[<prev] [next>] [<thread-prev] [thread-next>] [day] [month] [year] [list]
Message-ID: <5a887ca6-10e9-4026-b792-164deb80d0a8@paulmck-laptop>
Date: Mon, 20 Mar 2023 16:35:34 -0700
From: "Paul E. McKenney" <paulmck@...nel.org>
To: "Zhang, Qiang1" <qiang1.zhang@...el.com>
Cc: "frederic@...nel.org" <frederic@...nel.org>,
"joel@...lfernandes.org" <joel@...lfernandes.org>,
"rcu@...r.kernel.org" <rcu@...r.kernel.org>,
"linux-kernel@...r.kernel.org" <linux-kernel@...r.kernel.org>
Subject: Re: [PATCH v2] rcutorture: Convert
schedule_timeout_uninterruptible() to mdelay() in rcu_torture_stall()
On Mon, Mar 20, 2023 at 11:05:17PM +0000, Zhang, Qiang1 wrote:
> > For kernels built with enable PREEMPT_NONE and CONFIG_DEBUG_ATOMIC_SLEEP,
> > running the RCU stall tests.
> >
> > runqemu kvm slirp nographic qemuparams="-m 1024 -smp 4"
> > bootparams="nokaslr console=ttyS0 rcutorture.stall_cpu=30
> > rcutorture.stall_no_softlockup=1 rcutorture.stall_cpu_irqsoff=1
> > rcutorture.stall_cpu_block=1" -d
> >
> > [ 10.841071] rcu-torture: rcu_torture_stall begin CPU stall
> > [ 10.841073] rcu_torture_stall start on CPU 3.
> > [ 10.841077] BUG: scheduling while atomic: rcu_torture_sta/66/0x0000000
> > ....
> > [ 10.841108] Call Trace:
> > [ 10.841110] <TASK>
> > [ 10.841112] dump_stack_lvl+0x64/0xb0
> > [ 10.841118] dump_stack+0x10/0x20
> > [ 10.841121] __schedule_bug+0x8b/0xb0
> > [ 10.841126] __schedule+0x2172/0x2940
> > [ 10.841157] schedule+0x9b/0x150
> > [ 10.841160] schedule_timeout+0x2e8/0x4f0
> > [ 10.841192] schedule_timeout_uninterruptible+0x47/0x50
> > [ 10.841195] rcu_torture_stall+0x2e8/0x300
> > [ 10.841199] kthread+0x175/0x1a0
> > [ 10.841206] ret_from_fork+0x2c/0x50
> >
> > The above calltrace occurs in the local_irq_disable/enable() critical
> > section call schedule_timeout(), and invoke schedule_timeout() also
> > implies a quiescent state, of course it also fails to trigger RCU stall,
> > this commit therefore use mdelay() instead of schedule_timeout() to
> > trigger RCU stall.
> >
> > Suggested-by: Joel Fernandes <joel@...lfernandes.org>
> > Signed-off-by: Zqiang <qiang1.zhang@...el.com>
> > ---
> > kernel/rcu/rcutorture.c | 2 +-
> > 1 file changed, 1 insertion(+), 1 deletion(-)
> >
> > diff --git a/kernel/rcu/rcutorture.c b/kernel/rcu/rcutorture.c
> > index d06c2da04c34..a08a72bef5f1 100644
> > --- a/kernel/rcu/rcutorture.c
> > +++ b/kernel/rcu/rcutorture.c
> > @@ -2472,7 +2472,7 @@ static int rcu_torture_stall(void *args)
> >
> >Right here there is:
> >
> > if (stall_cpu_block) {
> >
> >In other words, the rcutorture.stall_cpu_block module parameter says to
> >block, even if it is a bad thing to do.

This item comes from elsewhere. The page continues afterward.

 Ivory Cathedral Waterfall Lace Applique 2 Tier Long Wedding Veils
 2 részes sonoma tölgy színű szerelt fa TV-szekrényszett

The point of this is to verify
> >the error messages that are supposed to be printed on the console when
> >this happens.
> >
> > #ifdef CONFIG_PREEMPTION
> > preempt_schedule();
> > #else
> > - schedule_timeout_uninterruptible(HZ);
> > + mdelay(jiffies_to_msecs(HZ));
> >
> >So this really needs to stay schedule_timeout_uninterruptible(HZ).
>
> But invoke schedule_timeout_uninterruptible(HZ) implies a quiescent state,
> this will not cause an RCU stall to occur, and still in the RCU read critical section(PREEMPT_COUNT=y).
>
> It didn't happen RCU stall when I tested with the following parameters for
> rcutorture.stall_cpu=30
> rcutorture.stall_no_softlockup=1
> rcutorture.stall_cpu_irqsoff=1
> rcutorture.stall_cpu_block=1
Understood. If you want that RCU CPU stall in a CONFIG_PREEMPTION=n
kernel, you should not use rcutorture.stall_cpu_block=1.

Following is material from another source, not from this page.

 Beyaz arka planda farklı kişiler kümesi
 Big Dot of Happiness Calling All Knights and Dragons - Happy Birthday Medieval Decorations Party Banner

In a CONFIG_PREEMPTION=y kernel, rcutorture.stall_cpu_block=1 forces
the grace period to be stalled on a task rather than a CPU, exercising
a different part of the RCU CPU stall warning code.
In a CONFIG_PREEMPTION=n kernel, using rcutorture.stall_cpu_block=1
forces the CPU to go through a quiescent state, as you say. It can
also cause lockdep and scheduling-while-atomic complaints, depending on
exactly what type of RCU reader is in effect.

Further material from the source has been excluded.